Assuming that [tex]FED[/tex] is an equilateral triangle according to the wording of the problem, we have that the angles [tex]\widehat{AFB}=\widehat{BEC}=\widehat{CDA}=60[/tex].
We also know that the circle in green is Inscribed in [tex]FED[/tex].
The following applies to every inscribed circle inside a triangle:
The center of the inscribed circle of a triangle is the intercept of all three angle bisectors of the triangle.
The above theorem implies that the line [tex](FO) [/tex] is an angle bisector because it goes through the vertex F and the center of the inscribed circle.
The previous statement implies that the angle [tex]\widehat{OFB}=30[/tex].
Now let's work on the [tex]OFB[/tex] triangle.
Knowing that [tex]\widehat{OBF}=90[/tex] (because [tex](EF)[/tex] is tangent to the circle at B and [tex]OB[/tex] is a radius of the circle. If you're lost here, remember that a tangent to a circle is always perpendicular to the radius of the circle.) we can then derive that [tex]\widehat{FOB}=180-90-30=60[/tex] (because the sum of the measures of all angles in a triangle is always equal to 180 degrees).
In the same way, we can prove also that:
[tex]\widehat{BOE}=\widehat{EOC}=\widehat{COD}=\widehat{DOA}=\widehat{AOF}=60 degrees[/tex].

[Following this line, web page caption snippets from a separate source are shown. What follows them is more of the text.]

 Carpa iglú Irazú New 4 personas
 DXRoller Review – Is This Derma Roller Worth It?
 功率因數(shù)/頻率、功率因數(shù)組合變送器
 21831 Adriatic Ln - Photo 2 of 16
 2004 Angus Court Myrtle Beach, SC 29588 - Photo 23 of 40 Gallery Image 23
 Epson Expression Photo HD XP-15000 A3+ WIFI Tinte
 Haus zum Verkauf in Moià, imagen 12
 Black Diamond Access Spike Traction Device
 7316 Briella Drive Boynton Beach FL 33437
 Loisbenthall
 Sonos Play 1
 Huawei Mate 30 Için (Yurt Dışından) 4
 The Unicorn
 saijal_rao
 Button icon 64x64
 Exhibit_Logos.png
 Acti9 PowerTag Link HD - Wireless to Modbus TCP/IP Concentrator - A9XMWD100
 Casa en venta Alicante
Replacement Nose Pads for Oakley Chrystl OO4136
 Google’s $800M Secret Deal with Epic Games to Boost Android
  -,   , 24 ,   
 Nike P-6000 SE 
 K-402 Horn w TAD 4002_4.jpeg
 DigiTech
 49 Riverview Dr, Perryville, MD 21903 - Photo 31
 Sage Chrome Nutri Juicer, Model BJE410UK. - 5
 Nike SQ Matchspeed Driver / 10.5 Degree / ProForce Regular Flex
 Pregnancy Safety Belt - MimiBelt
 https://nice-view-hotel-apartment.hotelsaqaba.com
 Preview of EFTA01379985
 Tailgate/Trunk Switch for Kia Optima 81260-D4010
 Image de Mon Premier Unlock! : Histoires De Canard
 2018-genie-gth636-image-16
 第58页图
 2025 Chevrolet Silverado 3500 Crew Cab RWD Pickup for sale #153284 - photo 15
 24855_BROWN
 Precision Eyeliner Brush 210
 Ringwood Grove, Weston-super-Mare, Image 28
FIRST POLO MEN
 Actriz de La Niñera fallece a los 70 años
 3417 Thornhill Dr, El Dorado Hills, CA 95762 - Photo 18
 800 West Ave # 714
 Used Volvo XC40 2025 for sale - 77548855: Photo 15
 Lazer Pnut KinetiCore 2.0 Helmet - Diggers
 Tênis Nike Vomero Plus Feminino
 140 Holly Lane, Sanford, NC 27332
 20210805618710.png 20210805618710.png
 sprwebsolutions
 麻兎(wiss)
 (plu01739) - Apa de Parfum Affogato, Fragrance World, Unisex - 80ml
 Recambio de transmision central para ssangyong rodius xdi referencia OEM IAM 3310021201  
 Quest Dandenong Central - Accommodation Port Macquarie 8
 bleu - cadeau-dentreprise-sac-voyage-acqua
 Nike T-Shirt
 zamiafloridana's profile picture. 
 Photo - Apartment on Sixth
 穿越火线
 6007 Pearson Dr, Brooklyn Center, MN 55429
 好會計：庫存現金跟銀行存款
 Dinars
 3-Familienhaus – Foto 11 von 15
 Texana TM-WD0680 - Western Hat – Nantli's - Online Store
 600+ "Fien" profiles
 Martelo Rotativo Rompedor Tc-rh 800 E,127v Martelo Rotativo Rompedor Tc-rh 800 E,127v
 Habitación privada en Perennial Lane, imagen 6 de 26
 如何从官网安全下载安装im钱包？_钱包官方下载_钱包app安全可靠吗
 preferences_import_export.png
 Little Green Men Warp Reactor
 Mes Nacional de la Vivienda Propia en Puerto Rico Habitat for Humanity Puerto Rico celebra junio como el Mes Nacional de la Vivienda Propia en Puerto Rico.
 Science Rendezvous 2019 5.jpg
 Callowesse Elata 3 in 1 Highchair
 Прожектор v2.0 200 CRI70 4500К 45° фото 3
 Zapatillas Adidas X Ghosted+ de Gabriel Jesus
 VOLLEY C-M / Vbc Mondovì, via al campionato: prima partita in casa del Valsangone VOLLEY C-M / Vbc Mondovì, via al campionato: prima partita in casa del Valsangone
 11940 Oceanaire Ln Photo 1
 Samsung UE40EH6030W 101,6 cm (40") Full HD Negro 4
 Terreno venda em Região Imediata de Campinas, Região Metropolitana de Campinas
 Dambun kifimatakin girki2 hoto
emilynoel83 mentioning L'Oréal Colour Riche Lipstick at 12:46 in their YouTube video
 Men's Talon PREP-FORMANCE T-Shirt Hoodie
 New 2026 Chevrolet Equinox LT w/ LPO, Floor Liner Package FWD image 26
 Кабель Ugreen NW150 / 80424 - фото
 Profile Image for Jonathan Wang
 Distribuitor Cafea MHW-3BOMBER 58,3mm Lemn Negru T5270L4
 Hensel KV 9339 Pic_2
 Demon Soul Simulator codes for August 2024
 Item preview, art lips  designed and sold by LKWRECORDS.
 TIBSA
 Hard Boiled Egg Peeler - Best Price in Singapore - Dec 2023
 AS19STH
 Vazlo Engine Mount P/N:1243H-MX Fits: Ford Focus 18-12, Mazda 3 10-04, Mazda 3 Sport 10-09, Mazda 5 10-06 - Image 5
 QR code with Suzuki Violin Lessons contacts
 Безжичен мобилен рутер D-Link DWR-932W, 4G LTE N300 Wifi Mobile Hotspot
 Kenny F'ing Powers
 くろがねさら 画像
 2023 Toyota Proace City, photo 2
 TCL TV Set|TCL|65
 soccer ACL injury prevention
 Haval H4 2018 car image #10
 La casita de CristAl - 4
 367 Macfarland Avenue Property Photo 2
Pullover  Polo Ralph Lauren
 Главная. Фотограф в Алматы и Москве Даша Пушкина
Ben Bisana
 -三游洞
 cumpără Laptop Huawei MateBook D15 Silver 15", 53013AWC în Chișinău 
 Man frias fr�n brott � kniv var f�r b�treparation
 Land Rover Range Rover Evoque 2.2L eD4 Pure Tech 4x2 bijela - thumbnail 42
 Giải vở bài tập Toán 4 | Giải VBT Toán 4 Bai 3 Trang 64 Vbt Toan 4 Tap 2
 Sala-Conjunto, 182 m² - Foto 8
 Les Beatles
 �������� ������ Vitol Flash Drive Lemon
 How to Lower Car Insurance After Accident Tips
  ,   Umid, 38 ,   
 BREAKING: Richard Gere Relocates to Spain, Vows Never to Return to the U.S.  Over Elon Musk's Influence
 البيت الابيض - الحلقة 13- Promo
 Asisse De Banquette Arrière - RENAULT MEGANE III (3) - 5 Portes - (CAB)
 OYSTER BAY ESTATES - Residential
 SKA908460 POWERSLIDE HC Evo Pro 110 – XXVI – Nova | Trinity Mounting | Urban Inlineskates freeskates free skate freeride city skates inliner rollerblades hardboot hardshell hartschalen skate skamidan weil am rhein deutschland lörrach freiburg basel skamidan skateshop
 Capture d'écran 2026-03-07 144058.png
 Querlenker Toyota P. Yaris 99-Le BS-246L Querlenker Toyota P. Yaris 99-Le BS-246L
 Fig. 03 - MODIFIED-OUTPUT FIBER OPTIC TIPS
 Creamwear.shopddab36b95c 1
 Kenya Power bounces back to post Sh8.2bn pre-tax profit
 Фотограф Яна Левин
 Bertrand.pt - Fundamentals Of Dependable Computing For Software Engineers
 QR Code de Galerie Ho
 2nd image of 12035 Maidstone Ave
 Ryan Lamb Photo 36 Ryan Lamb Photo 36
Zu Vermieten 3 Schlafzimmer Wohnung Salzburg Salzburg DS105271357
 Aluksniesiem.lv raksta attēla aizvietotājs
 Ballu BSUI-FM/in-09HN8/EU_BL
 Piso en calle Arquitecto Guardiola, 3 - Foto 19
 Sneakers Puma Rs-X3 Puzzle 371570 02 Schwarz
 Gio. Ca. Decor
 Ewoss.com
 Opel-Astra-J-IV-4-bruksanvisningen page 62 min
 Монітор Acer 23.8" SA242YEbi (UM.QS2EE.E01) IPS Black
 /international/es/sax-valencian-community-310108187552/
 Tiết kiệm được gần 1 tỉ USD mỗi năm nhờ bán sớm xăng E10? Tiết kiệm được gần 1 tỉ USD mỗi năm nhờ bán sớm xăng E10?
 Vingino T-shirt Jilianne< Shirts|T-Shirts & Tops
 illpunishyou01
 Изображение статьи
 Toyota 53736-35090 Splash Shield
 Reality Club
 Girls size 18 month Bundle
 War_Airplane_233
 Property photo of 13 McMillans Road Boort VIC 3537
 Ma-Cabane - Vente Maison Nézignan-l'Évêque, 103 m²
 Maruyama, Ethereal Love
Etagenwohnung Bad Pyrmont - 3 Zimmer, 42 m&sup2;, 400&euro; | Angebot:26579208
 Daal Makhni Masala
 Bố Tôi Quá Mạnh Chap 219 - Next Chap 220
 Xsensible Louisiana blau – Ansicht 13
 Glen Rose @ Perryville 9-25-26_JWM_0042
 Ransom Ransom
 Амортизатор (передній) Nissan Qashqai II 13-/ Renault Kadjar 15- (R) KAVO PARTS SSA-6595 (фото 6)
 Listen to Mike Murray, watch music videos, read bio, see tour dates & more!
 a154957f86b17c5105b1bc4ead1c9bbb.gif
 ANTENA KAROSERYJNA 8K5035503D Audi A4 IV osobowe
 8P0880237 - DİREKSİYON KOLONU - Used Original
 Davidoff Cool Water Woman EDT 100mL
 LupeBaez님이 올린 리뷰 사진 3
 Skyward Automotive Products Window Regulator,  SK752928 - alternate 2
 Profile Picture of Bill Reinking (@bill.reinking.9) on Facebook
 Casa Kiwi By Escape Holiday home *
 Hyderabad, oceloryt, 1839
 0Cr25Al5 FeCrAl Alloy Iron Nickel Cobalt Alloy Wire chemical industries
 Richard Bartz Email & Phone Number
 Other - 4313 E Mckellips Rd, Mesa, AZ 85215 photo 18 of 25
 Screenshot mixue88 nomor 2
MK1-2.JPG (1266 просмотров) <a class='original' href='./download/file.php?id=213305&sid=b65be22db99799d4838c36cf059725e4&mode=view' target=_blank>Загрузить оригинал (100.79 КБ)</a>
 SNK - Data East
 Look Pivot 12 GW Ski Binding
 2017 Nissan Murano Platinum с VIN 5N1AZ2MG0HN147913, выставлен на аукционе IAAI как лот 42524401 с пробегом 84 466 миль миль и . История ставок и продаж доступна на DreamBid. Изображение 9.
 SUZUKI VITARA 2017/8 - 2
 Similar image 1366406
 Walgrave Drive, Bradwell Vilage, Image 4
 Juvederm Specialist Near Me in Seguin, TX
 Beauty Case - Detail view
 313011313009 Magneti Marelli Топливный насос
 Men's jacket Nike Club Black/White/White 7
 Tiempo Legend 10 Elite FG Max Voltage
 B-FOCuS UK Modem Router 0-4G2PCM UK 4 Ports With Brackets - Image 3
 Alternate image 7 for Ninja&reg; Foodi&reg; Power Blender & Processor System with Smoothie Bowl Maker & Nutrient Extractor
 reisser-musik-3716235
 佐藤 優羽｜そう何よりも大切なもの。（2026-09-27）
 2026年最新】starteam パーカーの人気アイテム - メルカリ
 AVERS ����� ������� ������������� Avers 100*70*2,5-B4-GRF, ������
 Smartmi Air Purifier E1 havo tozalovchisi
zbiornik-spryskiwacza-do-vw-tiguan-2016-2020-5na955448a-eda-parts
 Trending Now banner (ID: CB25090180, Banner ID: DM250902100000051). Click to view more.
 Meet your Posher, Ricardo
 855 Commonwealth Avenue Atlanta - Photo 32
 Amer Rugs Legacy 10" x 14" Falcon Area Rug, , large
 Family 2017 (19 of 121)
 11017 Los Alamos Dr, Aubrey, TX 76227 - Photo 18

Knowing the above we notice that [tex]\widehat{BOC}=\widehat{COA}=\widehat{AOB}=120degrees[/tex].
We're at the last part of our proof here:
Now notice that [tex]\widehat{BOA}[/tex] subtends the same arc on the circle that [tex]\widehat{BCA}[/tex].
According to the inscribed angle theorem, an angle [tex]\theta[/tex] inscribed in a circle is half of the central angle [tex]2\theta[/tex] that subtends the same arc on the circle.
Therefore [tex]\widehat{BCA}=\frac{\widehat{BOA}}{2}=60degrees[/tex]
We can prove in a similar fashion that: [tex]\widehat{CAB}=\widehat{ABC}=60degrees[/tex]
Therefore all the angles of the [tex]ABC[/tex] triangle have a measure of 60 degrees, we conclude then that [tex]ABC[/tex] is equilateral.